By analyzing existing cross correlation between Astar and Everest Group, you can compare the effects of market volatilities on Astar and Everest and check how they will diversify away market risk if combined in the same portfolio for a given time horizon. You can also utilize pair trading strategies of matching a long position in Astar with a short position of Everest. Check out your portfolio center. Please also check ongoing floating volatility patterns of Astar and Everest.

Diversification Opportunities for Astar and Everest

0.61
  Correlation Coefficient

Poor diversification

The 3 months correlation between Astar and Everest is 0.61. Overlapping area represents the amount of risk that can be diversified away by holding Astar and Everest Group in the same portfolio, assuming nothing else is changed. The correlation between historical prices or returns on Everest Group and Astar is a relative statistical measure of the degree to which these equity instruments tend to move together. The correlation coefficient measures the extent to which returns on Astar are associated (or correlated) with Everest. Values of the correlation coefficient range from -1 to +1, where. The correlation of zero (0) is possible when the price movement of Everest Group has no effect on the direction of Astar i.e., Astar and Everest go up and down completely randomly.

Pair Corralation between Astar and Everest

Assuming the 90 days trading horizon Astar is expected to under-perform the Everest. In addition to that, Astar is 2.85 times more volatile than Everest Group. It trades about -0.1 of its total potential returns per unit of risk.
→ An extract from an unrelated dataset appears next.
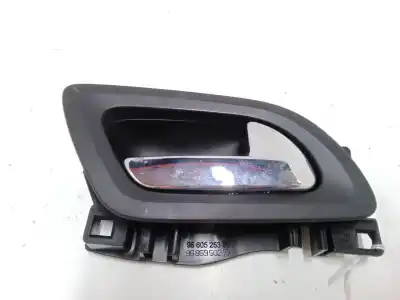 Second-hand car spare part interior right front handle for peugeot 308 cc (4b_) 1.6 16v oem iam references 9660525380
Everest Group is currently generating about 0.03 per unit of volatility. If you would invest  34,540  in Everest Group on October 26, 2024 and sell it today you would earn a total of  210.00  from holding Everest Group or generate 0.61% return on investment over 90 days.
Time Period3 Months [change]
DirectionMoves Together 
StrengthSignificant
Accuracy90.48%
ValuesDaily Returns

Astar  vs.  Everest Group

 Performance 
       Timeline  
Astar 

Risk-Adjusted Performance

0 of 100

 
Weak
 
Strong
Weak
Over the last 90 days Astar has generated negative risk-adjusted returns adding no value to investors with long positions. In spite of rather sound fundamental indicators, Astar is not utilizing all of its potentials. The latest stock price tumult, may contribute to shorter-term losses for the shareholders.
Everest Group 

Risk-Adjusted Performance

0 of 100

 
Weak
 
Strong
Very Weak
Over the last 90 days Everest Group has generated negative risk-adjusted returns adding no value to investors with long positions. Despite nearly stable basic indicators, Everest is not utilizing all of its potentials. The newest stock price disturbance, may contribute to mid-run losses for the stockholders.

Astar and Everest Volatility Contrast

   Predicted Return Density   
       Returns  

Pair Trading with Astar and Everest

The main advantage of trading using opposite Astar and Everest positions is that it hedges away some unsystematic risk. Because of two separate transactions, even if Astar position performs unexpectedly, Everest can make up some of the losses. Pair trading also minimizes risk from directional movements in the market. For example, if an entire industry or sector drops because of unexpected headlines, the short position in Everest will offset losses from the drop in Everest's long position.
The idea behind Astar and Everest Group pairs trading is to make the combined position market-neutral, meaning the overall market's direction will not affect its win or loss (or potential downside or upside). This can be achieved by designing a pairs trade with two highly correlated stocks or equities that operate in a similar space or sector, making it possible to obtain profits through simple and relatively low-risk investment.
Check out your portfolio center.
Note that this page's information should be used as a complementary analysis to find the right mix of equity instruments to add to your existing portfolios or create a brand new portfolio. You can also try the Correlation Analysis module to reduce portfolio risk simply by holding instruments which are not perfectly correlated.